Tutorial: Searching and Exploring With Linked Data and Wikidata in the Media Suite
Tutorial for CLARIAH Media Suite V 6.1 Tutorial made by Mari Wigham & Christian Olesen, December 2021
Tutorial Description, Case and Objectives
In this tutorial you learn how to use Linked Data to refine you search results in combination with the metadata categories “Persons - all”, “Persons - production”, “Persons - guests” and “Persons - subject of discussion”. As audiovisual archives, and cultural heritage institutions more broadly, are increasingly publishing their collection data online, creating Linked (Open) Data is increasingly becoming a means for querying named entities among (multiple) datasets and raising new questions with collection metadata. In this tutorial you develop a sense of how this may work for an audiovisual archive/cultural heritage institution, by working with linked data from the Netherlands Institute for Sound and Vision (NISV) in the Media Suite Search tool, while also exploring links to wikidata outside of the Media Suite environment. Upon completing the tutorial you will:
-
…know how Linked Data is featured in the Media Suite and how searches in the categories “Persons - production”, “Persons - guests” and “Persons - subject of discussion” may be refined in combination with Linked Data
-
…know how the Media Suite Linked Data connects to Wikidata and allow you to go beyond the Media Suite environment to contextualize search results
For the purpose of introducing these functionalities in this tutorial and its potential for refining search, we will be searching for the name of Steve McQueen, which may refer to respectively the American film actor (1930-80) or the British film director and video artist (1969). As an example of two famous film personalities with exactly the same name, this name offers an easy starting point for understanding how the Linked Data functionalities in the Media Suite work.
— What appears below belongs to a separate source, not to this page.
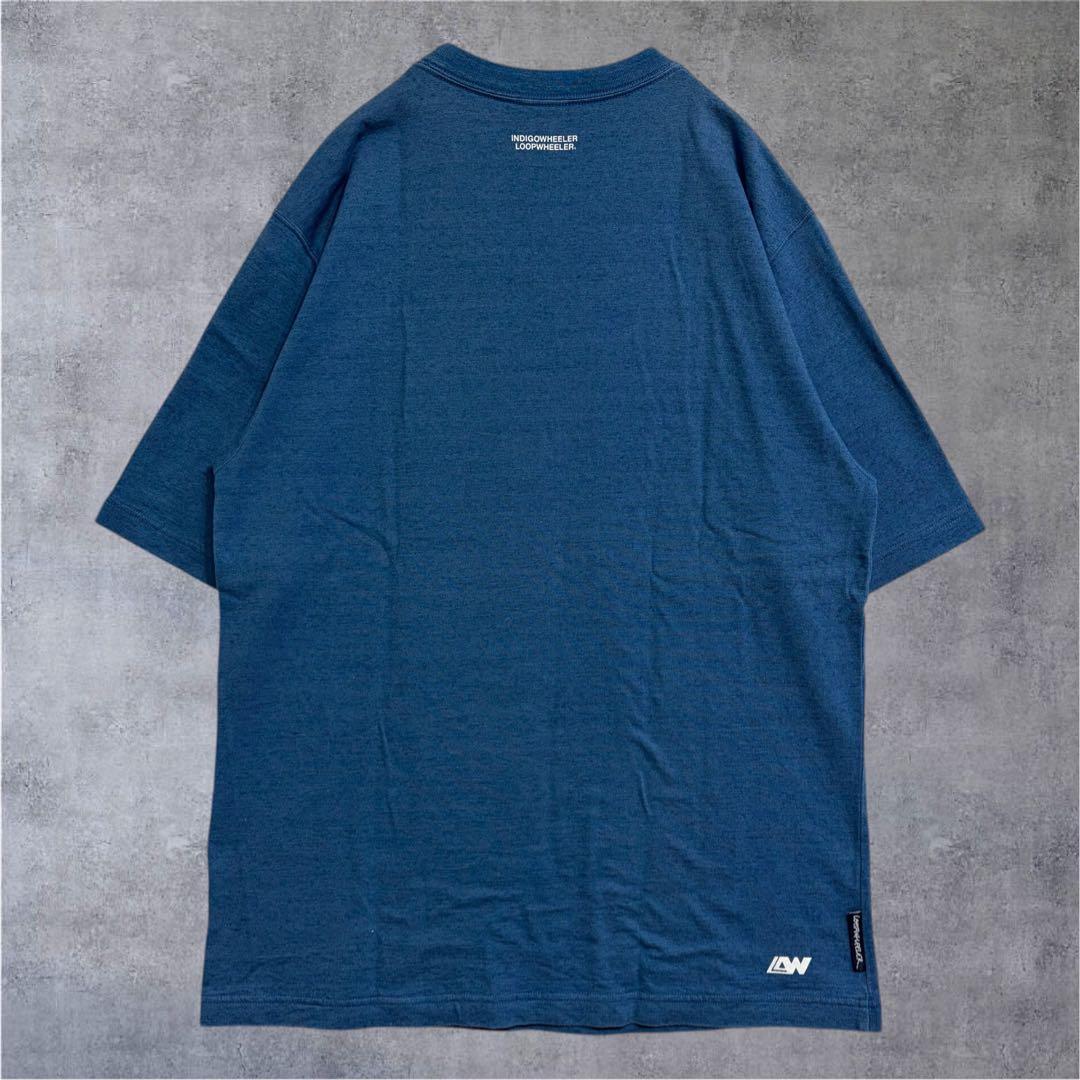 【希少】LOOPWHEELER Tシャツ　半袖　インディゴ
Types and levels of teaching and research
This tutorial is aimed at students and researchers who are familiarizing themselves with using (and perhaps also) making linked data and wikidata for the first time. The tutorial offers a light and easily accessible introduction, yet prior knowledge of metadata standardization and of the theory and concepts behind Linked (Open) Data and Wikidata is recommended (see “Prerequisites”). The tutorial may support any type of research relying on precise and targeted search in audiovisual collections as well as data-driven historical research that is interested in exploring connections between the archives of NISV and Wikipedia.
Prerequisites
Conceptually it is a prerequisite for this tutorial that you are familiar with the core principles of Linked Open Data and Wikidata broadly, as well as the specific challenges of Linked Open Data for audiovisual collection data. For an introduction to Linked Open Data we refer to digital historian Jonathan Blaney’s article “Introduction to the Principles of Linked Open Data” . For a discussion of audiovisual collection data in relation to Linked Open Data and Wikidata, we refer to the article “Cataloguing Practices in the Age of Linked Open Data: Wikidata and Wikibase for Film Archives” by film preservationists Adelheid Heftberger and Paul Duchesne.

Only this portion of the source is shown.